For real problems never use regular expressions for parsing. If the temptation is not lost, then read the article again.
META expressions consist of characters, strings, the sequence [], the alternative {}, the Kline star $, the symbol test by the condition @, and the evaluation of the expression !.
This is how the parsing of an integer looks like, with the simultaneous calculation of its actual value:
(deftype digit () '(member #\0 #\1 #\2 #\3 #\4 #\5 #\6 #\7 #\8 #\9))
(defun ctoi (d) (- (char-code d) #.(char-code #\0)))

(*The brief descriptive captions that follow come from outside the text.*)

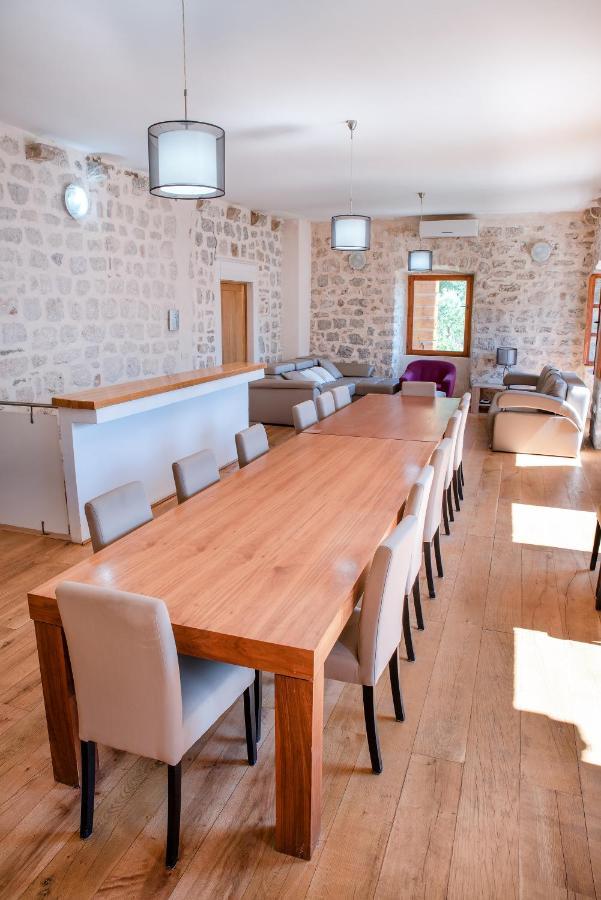 פראסט Guesthouse Mrshe Palace מראה חיצוני תמונה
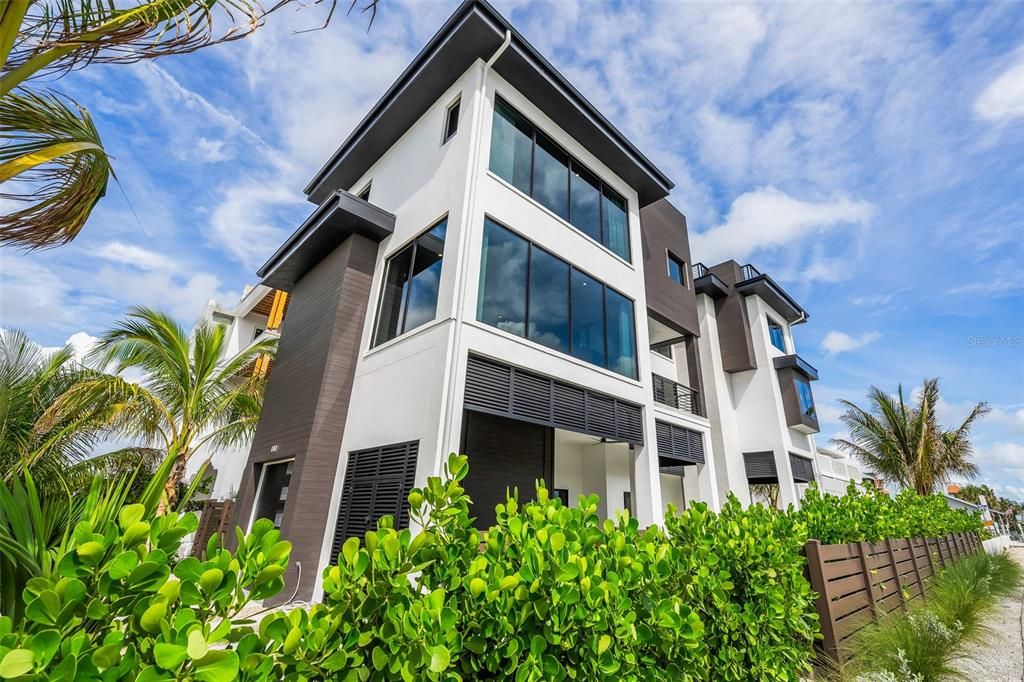 Exterior, Facade, Modern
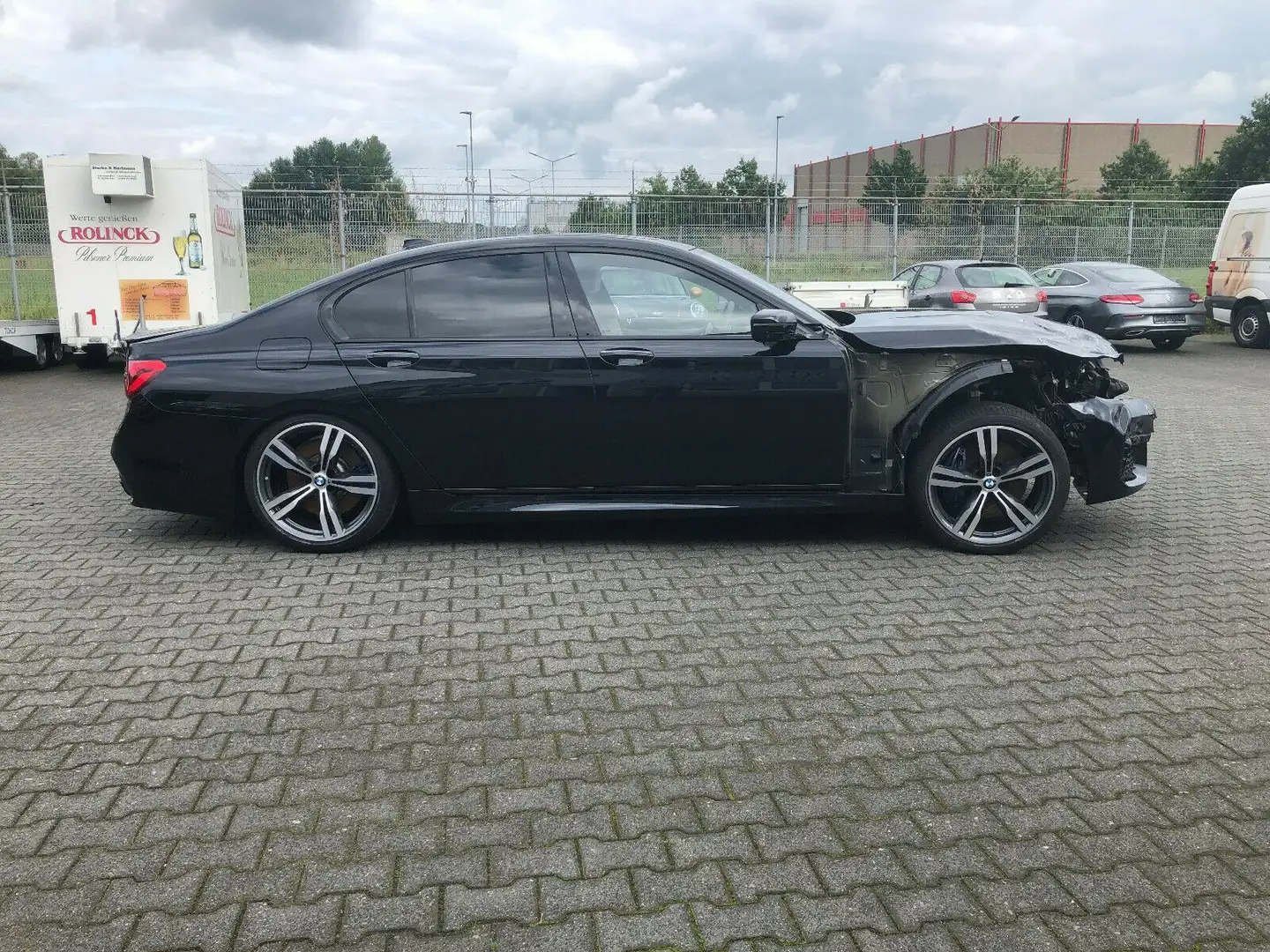 BMW 750 Baureihe Lim 750 i xDrive Černá - 1
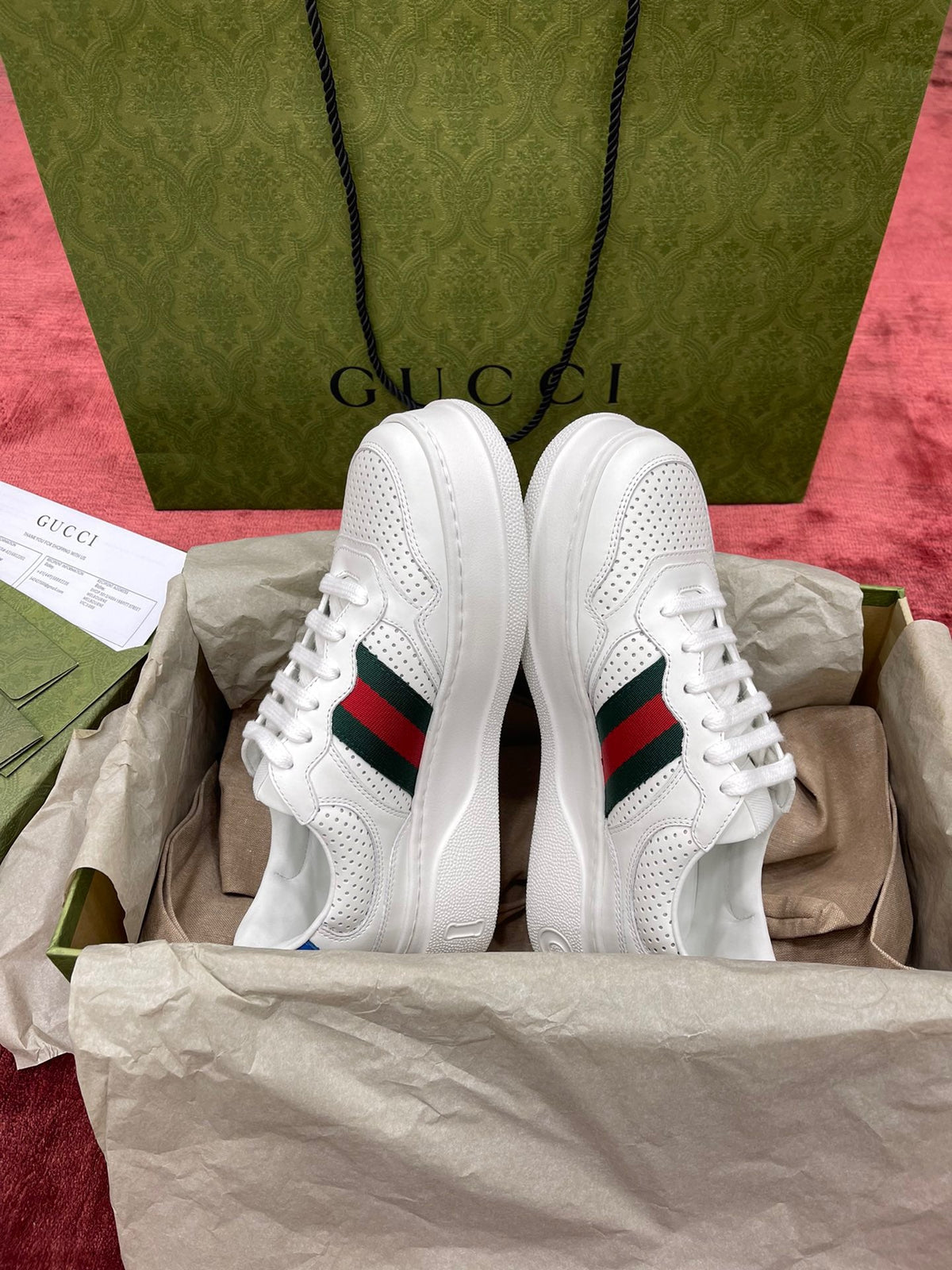 Sneakers & Shoes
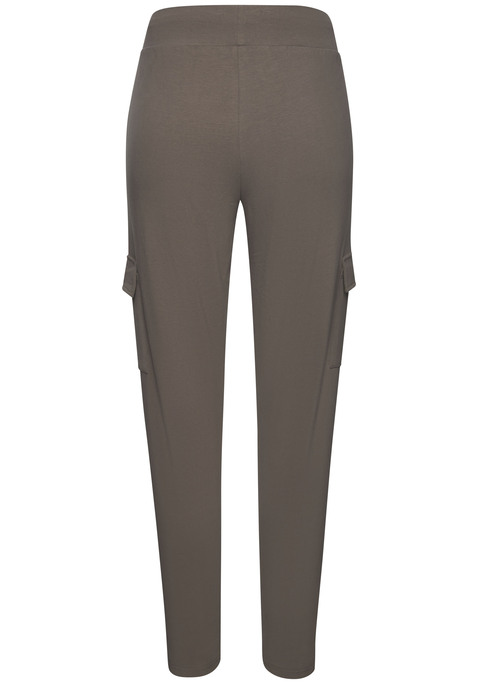 Bild: Sweathose von LASCANA: Lässige Cargo-Sweathose von Lascana. Flache Kordel im Bündchen zur individuellen Weitenregulierung, praktische Eingrifftaschen und aufgesetzte Taschen im Cargo-Look. Schmal zulaufende Passform. Vielseitig kombinierbar für entspannte Freizeitoutfits. Hochwertige Baumwollmischung.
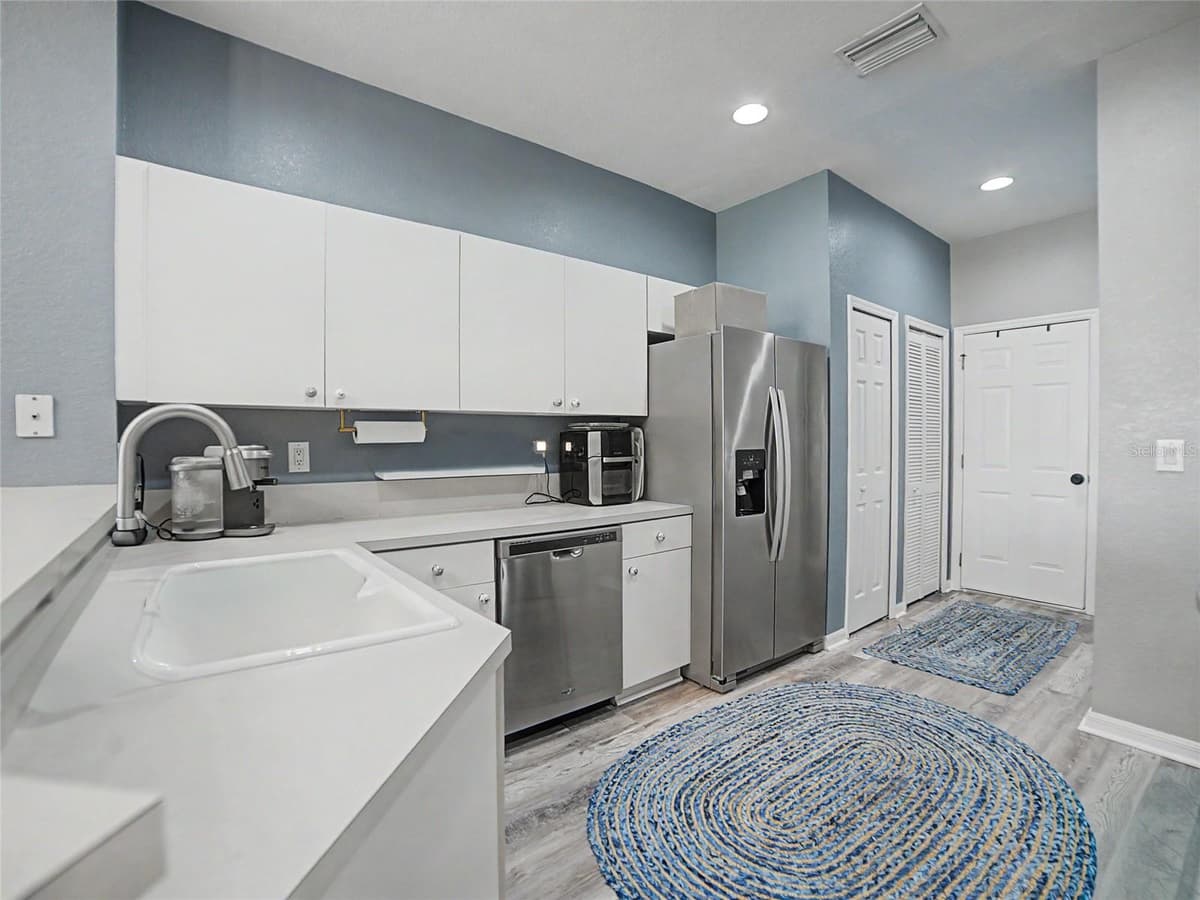 11523 CAPTIVA KAY DRIVE — photo 10 of 29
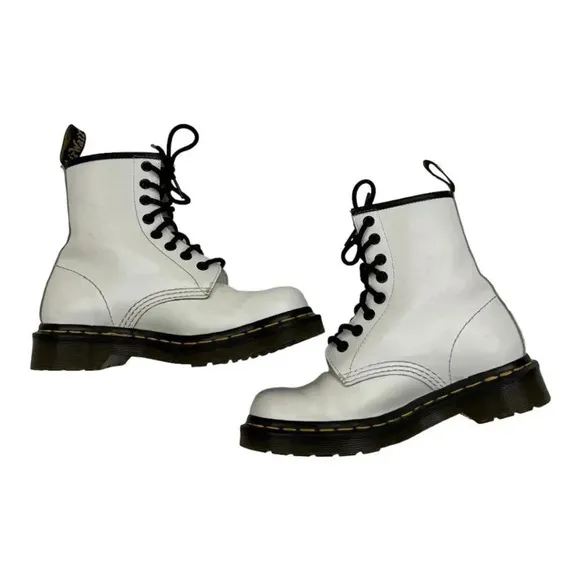 Dr. Doc Martens White leather Combat 11821 Boots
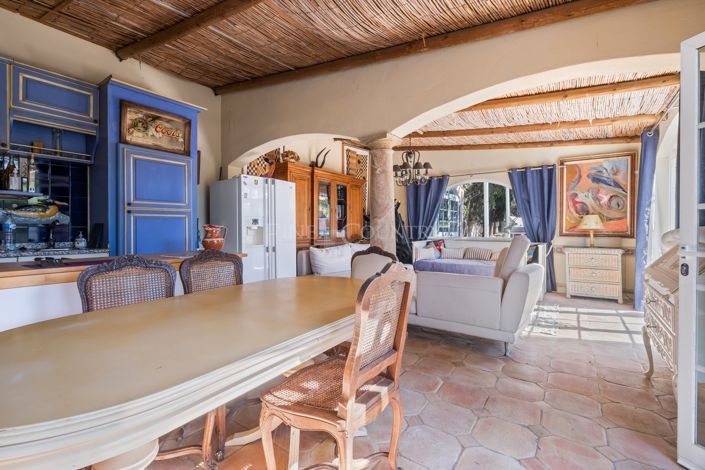 Image No.40-6 Bed Property for sale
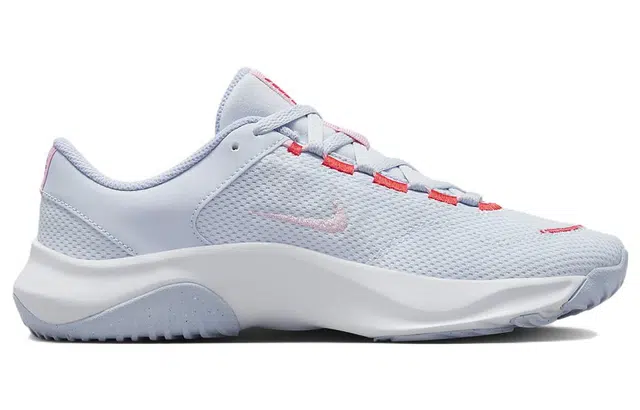 Nike Legend Essential 3 Next Nature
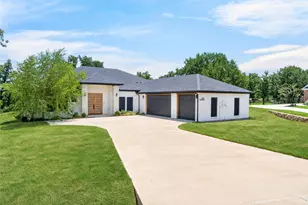 4013 Legend Trl, Granbury, TX 76049 - Photo 32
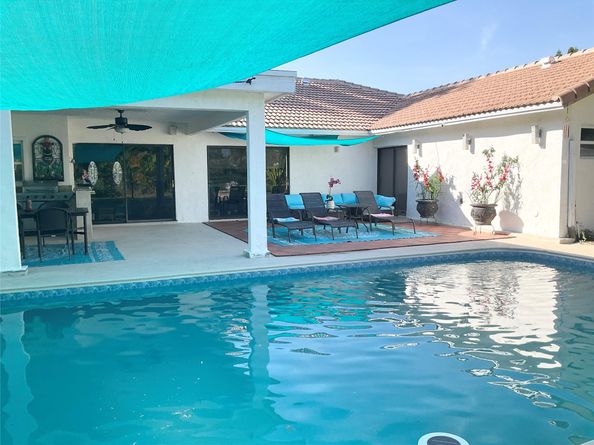 10477 NW 4th St, Coral Springs FL 33071
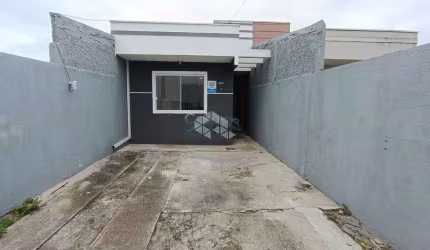 Casa com 2 quartos, 2 vagas e 42m² para vender por R$ 195.000
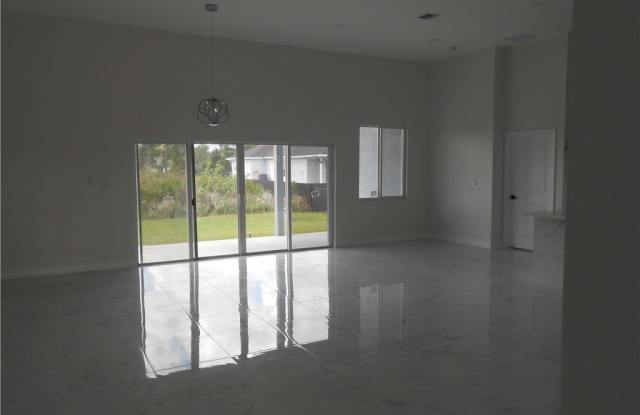 2809 55th Street W Gallery 4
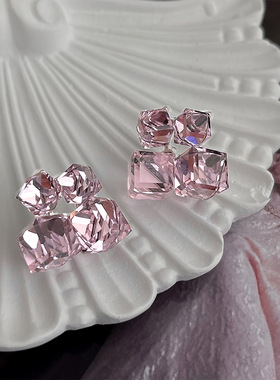 2025新款轻中古风粉色方糖几何耳环轻奢耳钉高级感耳饰气质优雅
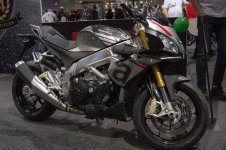 Aprilia_Tuono_V4R.jpg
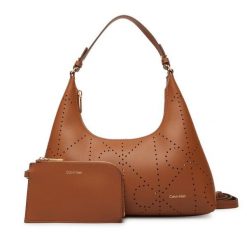 Torebka Calvin Klein. Brązowe torebki klasyczne damskie Calvin Klein, bez dodatków. Za 899.99 zł.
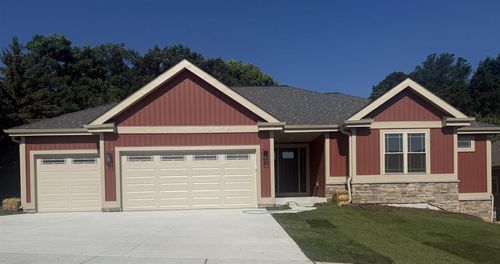 3 Savannah Pkwy, Deerfield, WI, 53531-9363 | Card Image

(defun parse-int (&aux (s +1) d (n 0))
(and
(matchit
[{#\+ [#\- !(setq s -1)] []}
@(digit d) !(setq n (ctoi d))
$[@(digit d) !(setq n (+ (* n 10) (ctoi d)))]])
(* s n)))
! Is a powerful META construct that allows you to do interesting things, such as modifying grammar on the flight.
META Core
META expressions are converted by reader-macros into an internal representation - the meta structure (the print function is only for debugging):
(defstruct (meta
(:print-function
(lambda (m s d &aux (char (meta-char m)) (form (meta-form m)))
(ecase char
((#\@ #\! #\$) (format s "~A~A" char form))
(#\[ (format s "[~{~A~^ ~}]" form))
(#\{ (format s "{~{~A~^ ~}}" form))))))
char
form)
(defun meta-reader (s c) (make-meta :char c :form (read s)))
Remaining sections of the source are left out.